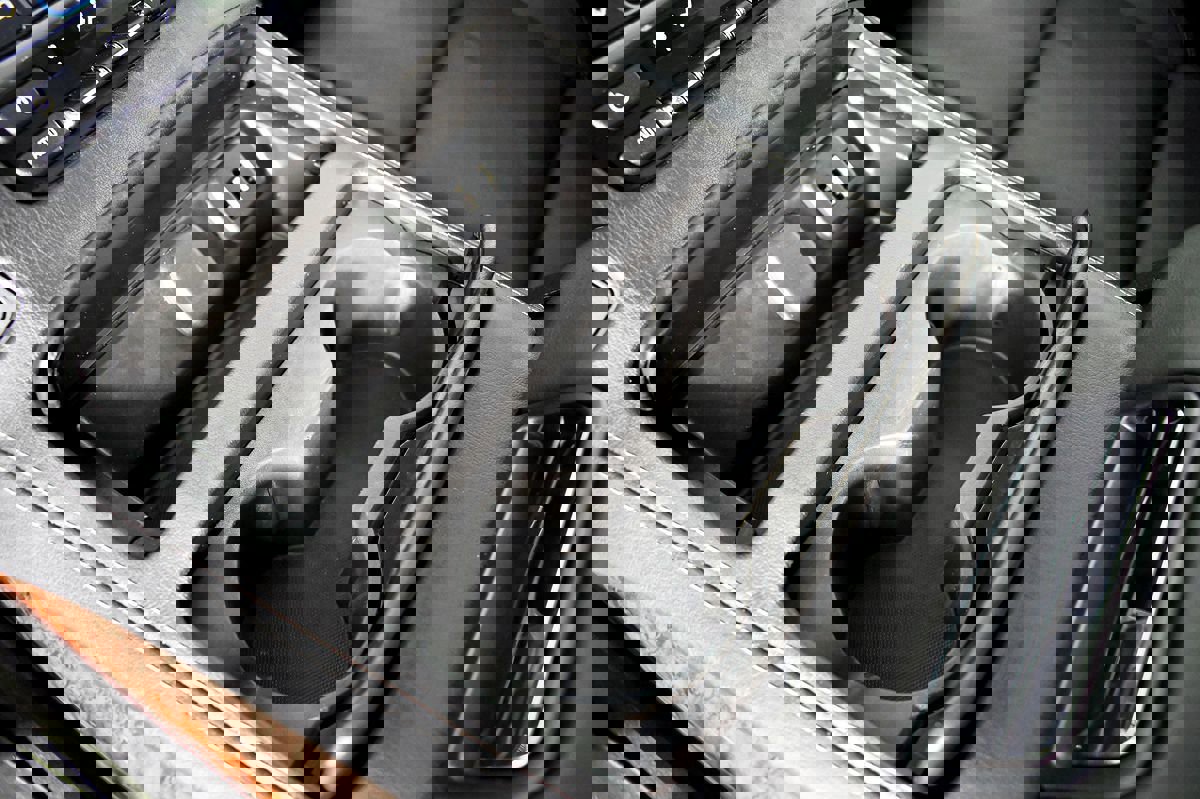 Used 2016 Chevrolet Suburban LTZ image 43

########

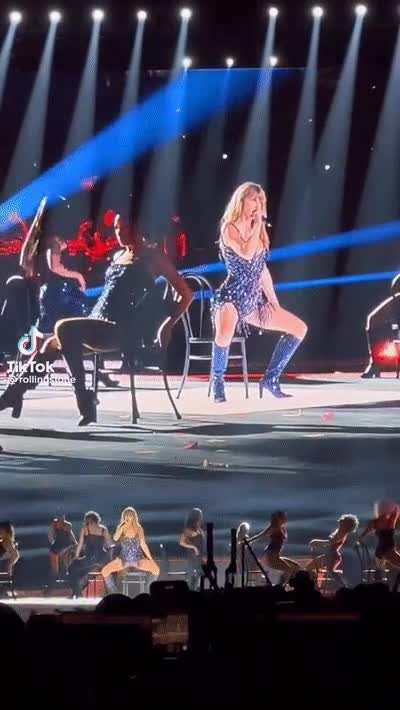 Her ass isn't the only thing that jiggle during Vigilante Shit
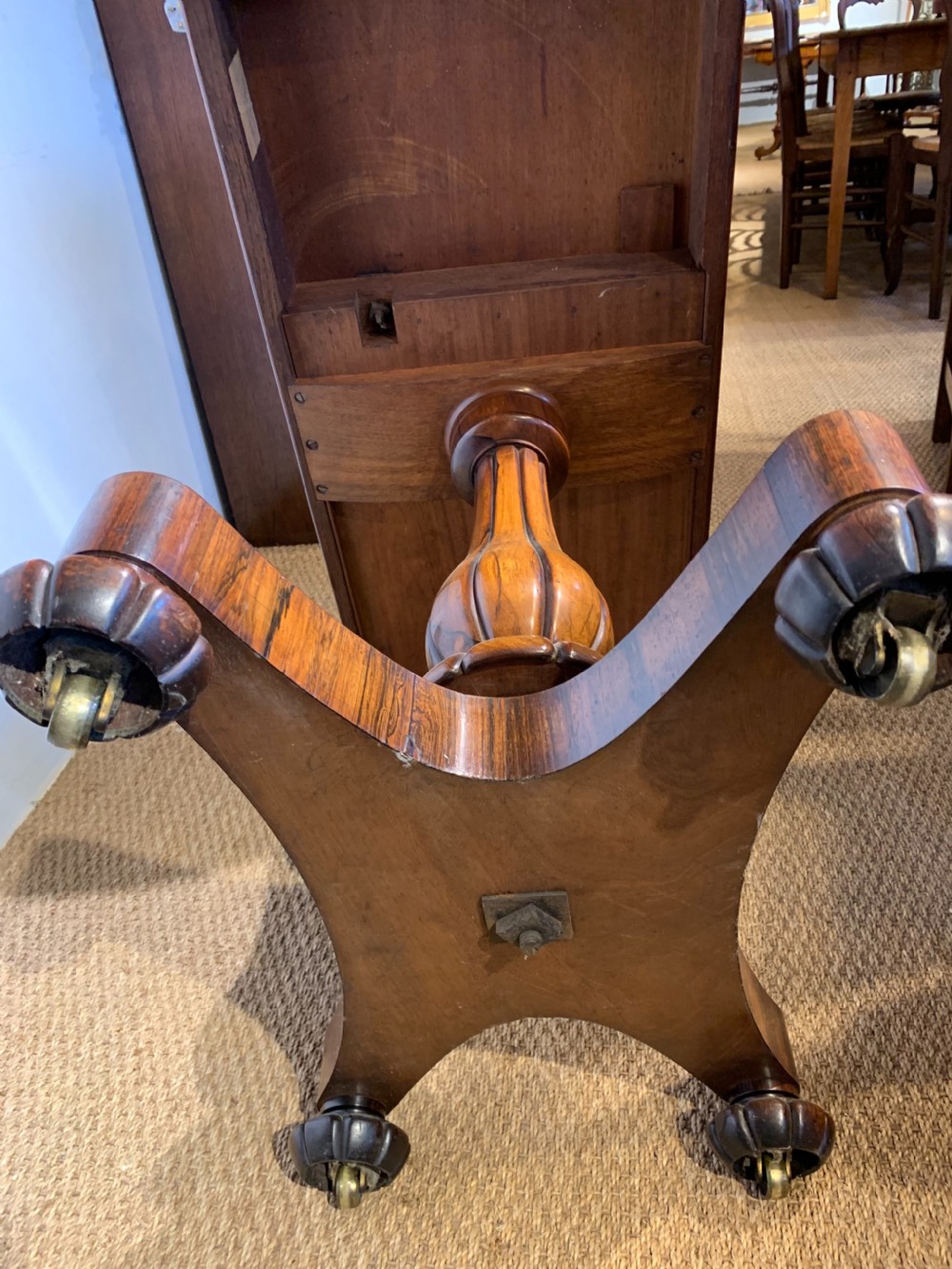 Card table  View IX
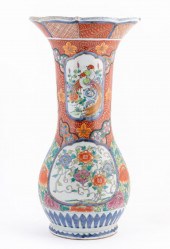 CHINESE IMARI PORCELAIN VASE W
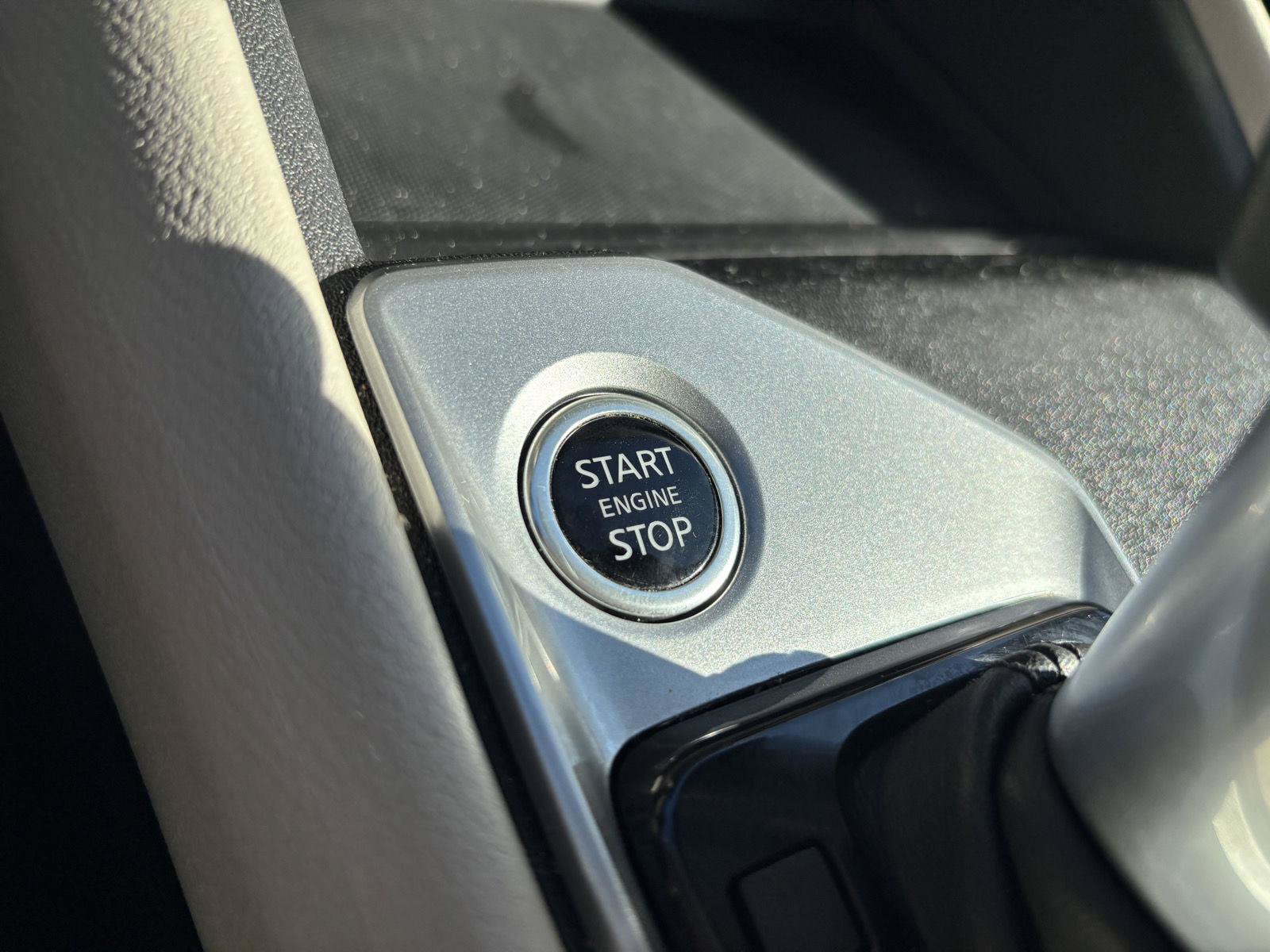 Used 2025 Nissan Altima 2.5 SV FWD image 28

########

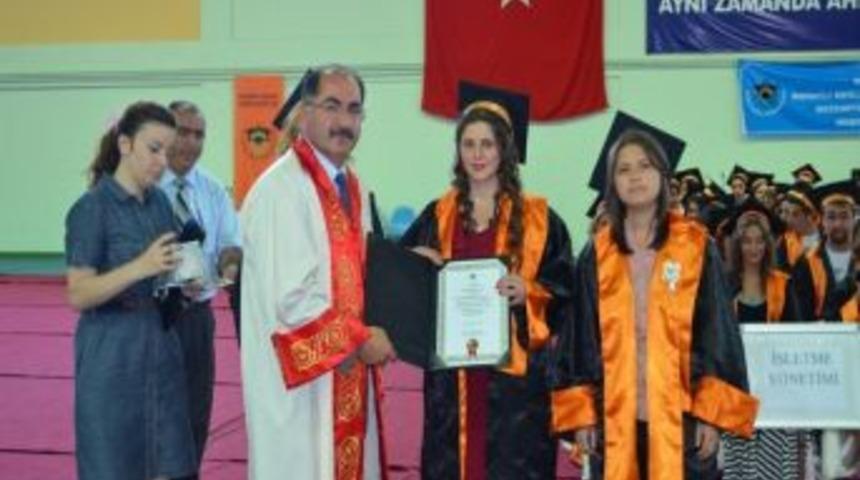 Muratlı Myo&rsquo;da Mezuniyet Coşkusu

########

Work order: Look above for the line containing "Her ass isn't", then copy exactly from it through the line containing "Used 2025 Nissan Altima 2.5 SV FWD image 28", keeping both and leaving out pictures. Add nothing else.

Answer box:
 Her ass isn't the only thing that jiggle during Vigilante Shit
 Card table  View IX
 CHINESE IMARI PORCELAIN VASE W
 Used 2025 Nissan Altima 2.5 SV FWD image 28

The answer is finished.